Scalable log processing

Here's an idea I came up with in 1999, when I was working at Demon. It's a design for a scalable log processing infrastructure, which allows you to plug in simple processing scripts which have very easy requirements, but still attain good scalability and reliability.

It's all based on dividing logs into relatively small batches: too large and the log processing latency gets too big; too small and the batch handling overhead gets too big. I decided that one-minute batches were a happy medium. Batches are always aligned to minute boundaries NN:NN:00, so that (assuming your computers' clocks are synchronized) batches generated on different computers start and end at the same time.

Log processing scripts can be simple sequential code. The requirements are that they are idempotent, so that they can be re-run if anything goes wrong; they must depend only on the time stamps in the logs, not the wall clock time; and they must be able to process batches independently.

The log transport protocol must also satisfy these requirements. I decided to use HTTP, because it's already ubiquitous. The PUT method is the one we want, because it's guaranteed to be idempotent (unlike POST), and it pushes data which is more efficient for the log server than pulling (which usually implies polling). HTTP already has lots of useful features (such as security) that we don't have to re-invent. If you use the "chunked" Transfer-Encoding, then you can start sending a batch as it starts which minimizes latency.

This scheme gets its scalability by exploiting parallelism.

A batch of logs may take longer to process than it does to generate if you have lots of log generating machines, or if a naive log processing script is slow - the real-world example from Demon was doing reverse DNS lookups on web logs. In this situation you can start processing the next batch as soon as it becomes available, even if the previous batch is still being processed. This means you can make use of idle CPU (waiting for DNS lookups) or multiple CPUs.

If one machine isn't enough to handle your log load, you can send alternate batches to different machines. For example one can process all the even minutes and one all the odd minutes.
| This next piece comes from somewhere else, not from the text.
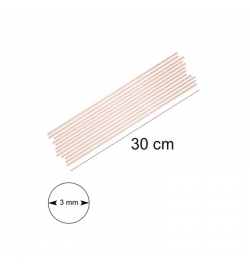 Άξονες ξύλινοι 3mm 30τεμάχια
You can also have a hierarchy of log processors: perhaps a log collector for each cluster which in turn passes its collected logs to the central processors.

The reliability comes from a couple of simple things.

Logs are transmitted using TCP, which isn't lossy like traditional UDP-based syslog. Logs are written to disk before being sent to the server, so that if there is a network problem they can be transmitted later. Similarly, the log server can delay processing a batch until all the clients have sent their chunks. The log processor can catch up after an outage by processing the backlog of batches in parallel.

This implies that the log server has to have a list of clients so that it knows how many batches to expect each minute. Alternatively, if a machine comes back after an outage and sends a load of old batches to the log processor, idempotence means that it can re-process those old batches safely. I'm not really sure what is the best approach here - it requires some operational experience.